Dr. Richard Gallagher’s workshop “Critical Thinking About Teasing & Bullying” walked us through some very interesting concepts about teasing and bullying. He defined teasing as using words or gestures to criticize a person, indicating that something about the person is wrong and can be friendly or unfriendly. Bullying is defined as using words or actions to: Restrict access to resources, Take away resources, Gain power for present or future benefit, Retaliate for slights, or respond to problems. He said that three elements had to be present for bullying to occur:
1. The group had to be approximately the same age.
2. The actions had to occur repeatedly.
3. There had to be an imbalance of power between the bully and the victim. Also, there can be verbal or physical bullying. Although this definition is better than most, it does not solve the philosophical question that I have had for years with this issue. More on this later,,,
Dr. Gallagher pointed out that teasing and bullying can be either normative, meaning to help set social boundaries by shaping behavior in a social group. (i.e. if you have an offensive odor, you will take a shower next time, after being teased), or pathological (i.e. intended to hurt someone. You are fat and stupid, you are a loser.) Harm can be fleeting or lead to mental health problems such as anxiety, depression or even suicidal ideation He provided the expected data on etiology, and prevalence. Such as: Bullies are likely to have been bullied in the past or from a dysfunctional family. Bullying is part of nature and occurs throughout the lifespan. It will never be totally eliminated. Childhood teasing and bullying occurs most in early middle school as social groups are forming but becomes less by high school, when homogenous social groups are more developed.
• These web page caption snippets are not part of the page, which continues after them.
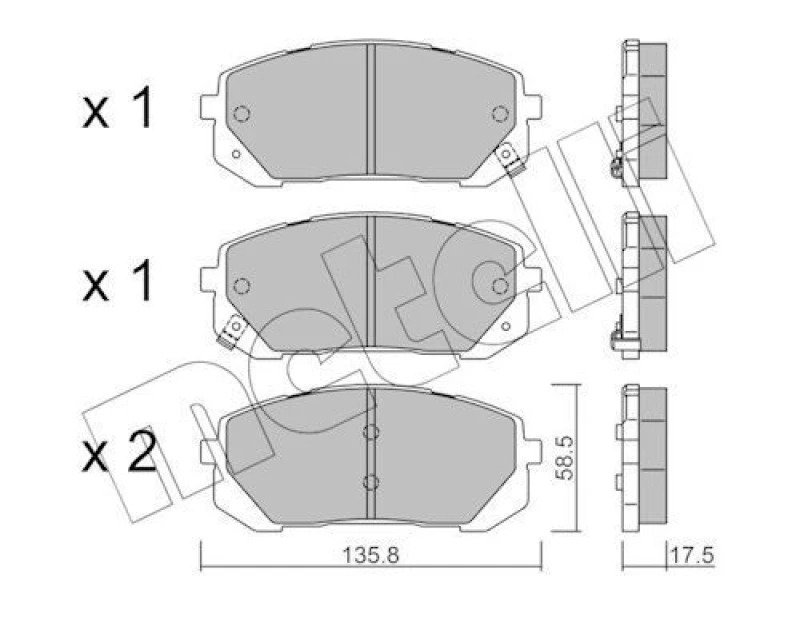 Image of METELLI Brake pad set METELLI 22-1373-0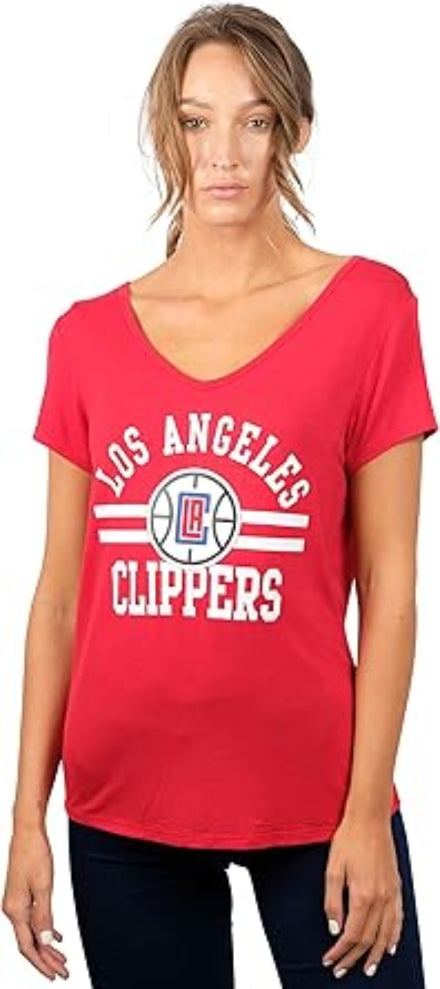 Ultra Game NBA Official Women's Super Soft T-Shirt, Los Angeles Clippers, Team Color|Los Angeles Clippers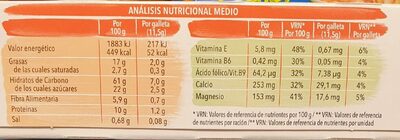 Galletas leche y chocolate - Informació nutricional - es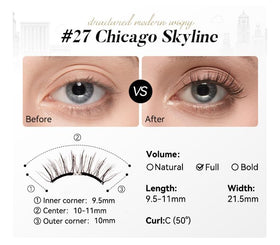 WOSADO Magnetic Eyelashes Chicago Skyline close-up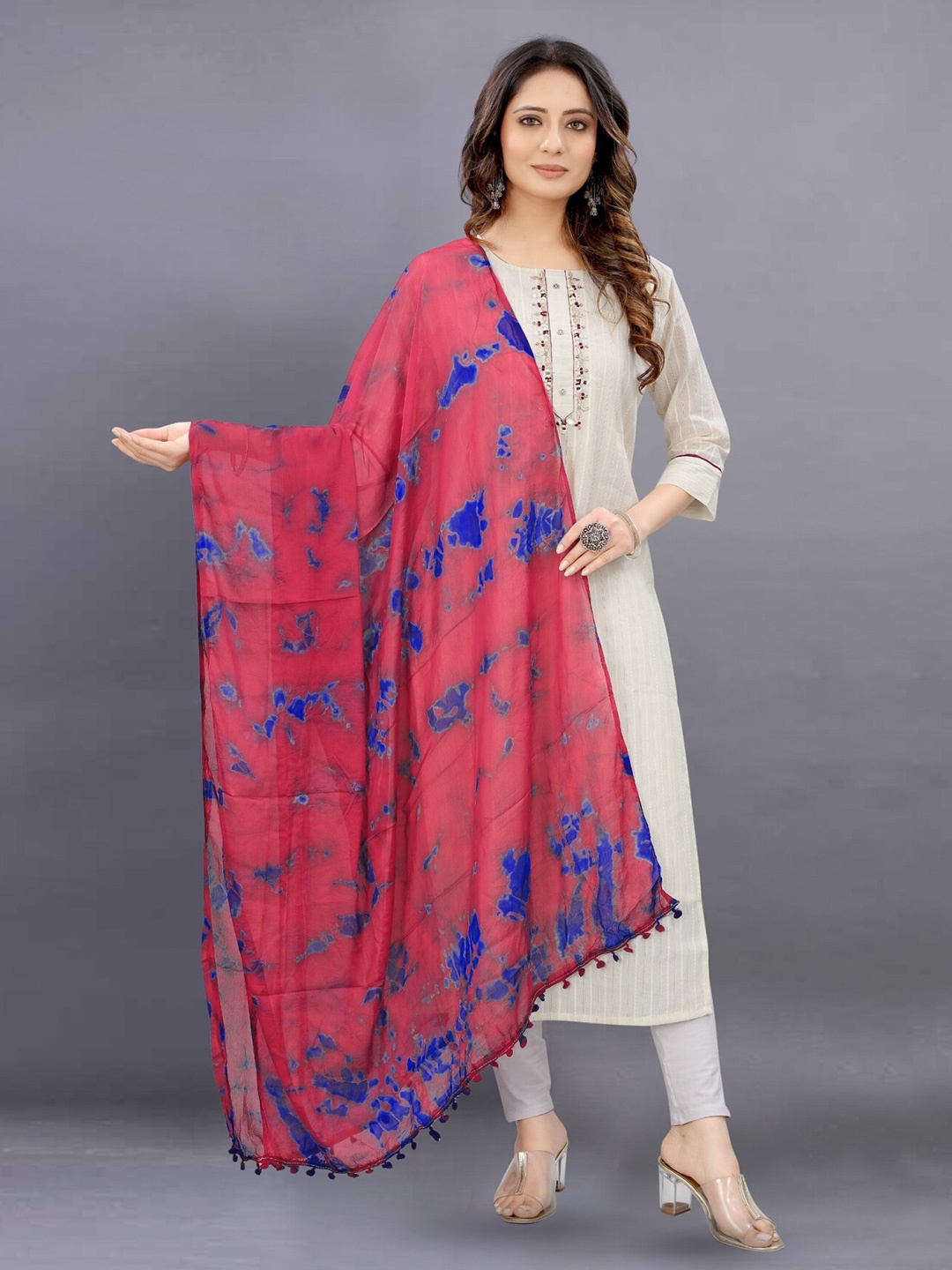 

BAESD Abstract Dyed Chiffon Dupatta, Pink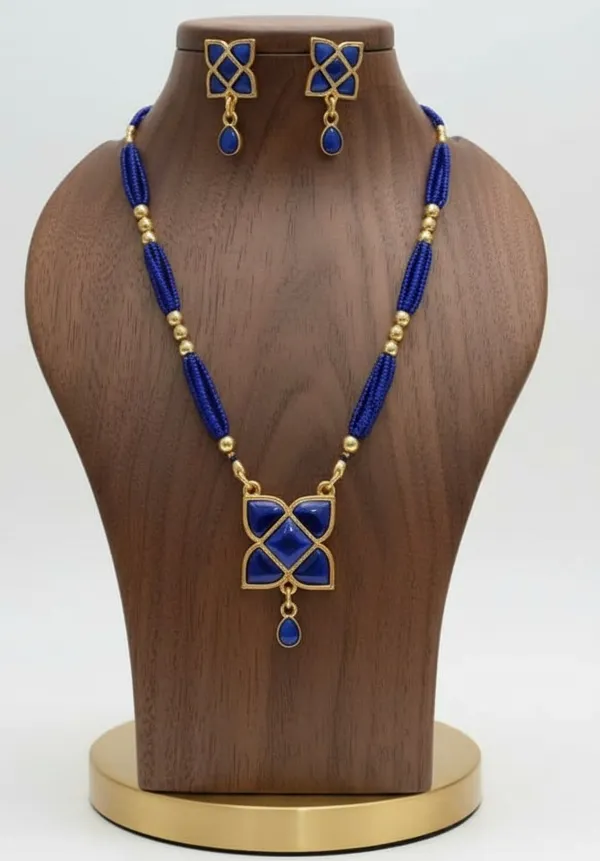 BG_GOLD_Assamese_Traditional__Copper_Based_Blue_Square_Tassel_Jewellery_Set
Bullying for boys is mostly physical. Bullying for girls is mostly verbal.
Girls are more likely to be victims of cyber bullying He also pointed out that bullies are usually popular and often rewarded for their actions by victim response. Bullies often feel that they are serving a social purpose, and justified in their behavior. He did mention that a small percent of bullies are leaning in antisocial directions and just plain mean, while many are simply attention seeking and impulsive.
The second half of Dr. Gallagher’s workshop focused on programs and techniques to help reduce bullying. The elements of these programs typically included:
1. Definition of bullying.
2. Standards to recognize bullying.
3. Skill development such as assertiveness training to react to bullying, or practice to become immune to the bullying equation. (i.e. Overweight = less valued as a person).
4. Incorporating bystander involvement (i.e. Hey guys, is it okay for her to call me names?).
5. Reporting bullying to adults. Unfortunately, Dr. Gallagher was able to report only modest success in these anti-bullying programs, despite the research funding to date. He emphasized that one time assemblies in the schools were not effective. He said that the change in attitude to reduce bullying in the schools will take many years, much like the change in attitude to reduce smoking in public places.
Oh, I almost forgot! My philosophical question: “When is bullying justified?” Using the current definition of “bullying”, Gandhi was a bully. He had power with many followers; he used words and actions to repeatedly threaten social disruption with passive resistance, and boycotts to restrict access to resources. What about Marin Luther King Jr. Was he a bully? Comments?